McKee: Oh, that was a lot of fun. It was a nice thing to be able to put a little energy into when the plague year was fully establishing itself. It was a wild kind of stress test for the poems, I thought. Because you want to see that parts of your poem can be powerful on their own, and the project really tested that. I was humbled and grateful to be included. It didn’t make me think differently of my work, it actually made me think more clearly about why I put in the work I do to write the poems I write, and what they need to be before they can withstand and contribute to the world. Now, I’m not trying to be grand about what my poems do, but I do think it is instructive to be given a stage like that, and to weigh the work in that context. If anything, it deepened my commitment to my writing, and my gratitude for any time that I am given any space to share it.

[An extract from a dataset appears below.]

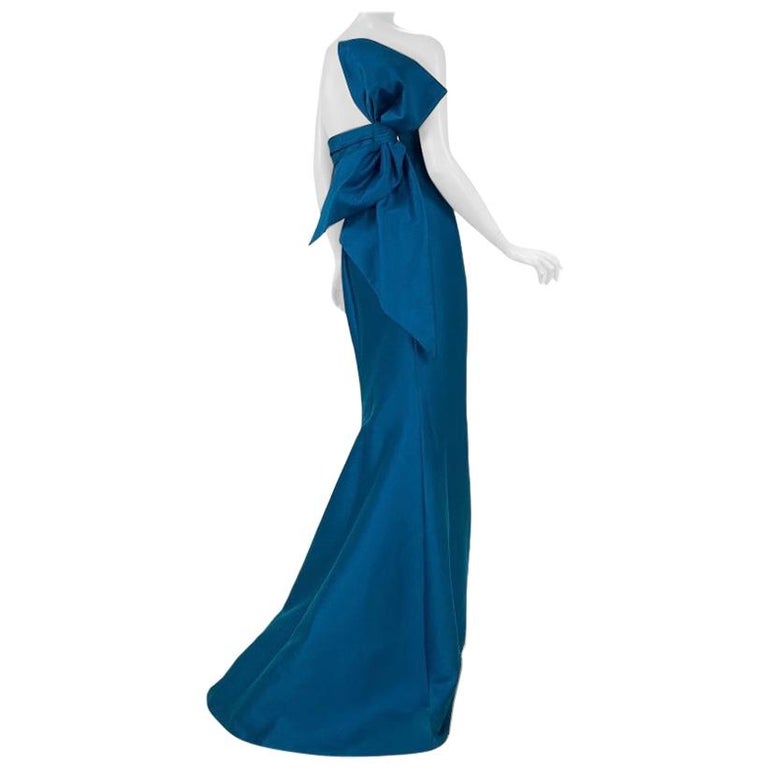 2008 ICONIC OSCAR DE LA RENTA BLUE STRAPLESS GOWN with BOW at 1stDibs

DBRL: Read anything good lately you’d like to recommend?
McKee: For the last year, my reading has been limited almost exclusively to submissions to the Missouri Review, where I am the managing editor. I could recommend several dozen poets, young, old, and indifferent who are writing into this moment with bravery, curiosity, and anger, but that’s always the purview of the editorial staff of any literary magazine. Here are a couple of names: Tiana Clark, Leila Chatti, Jamaica Baldwin, Matty Layne Glasgow, Chris Hayes, Heather Treseler, but there are many, many more. Check our website for more leads.
In terms of indispensable poetry books, though, I have a couple of suggestions from the last year or three:
- “Deaf Republic,” Ilya Kaminsky
- “The Tradition,” Jericho Brown
- “Homie,” Danez Smith
- “The Tornado is the World,” Catherine Pierce
- “More than Mere Light,” Jason Koo
There’s more — there’s always more — but this is a good start. I will say one last thing, however.
Not very long ago, one of the most important teachers I had in the journey of my poetry died. There’s just no sentence you can write that can appropriately deal with that species of reality. It’s weird, and it’s wrong that it is the case that Adam Zagajewski has died. I am drawn in many directions by this news, but I’ve got no other public skill set than writing, so that is the way I will try to do him justice forever. In the meantime, so that Adam Zagajewski might be carried in memory, so that his poems and his essays that we need so badly live, I suggest the following books, to start: “Without End: New & Selected Poems” and “A Defense of Ardor: Essays.”
DBRL: Where can readers get a copy of your book?
McKee: Readers can get a copy of my book, or any one of my full-length collections, by ordering directly from Black Lawrence Press. This is the best way to proceed, generally speaking. However, the other best way to get it is to contact your local independent book store, and ask them to order it for you. I’m going to point you towards Yellow Dog Bookshop, because they are the greatest, and because when this plague is banished, we’ll reconvene the reading series I started with co-owner Joe Chevalier, THE NEXT WEATHER.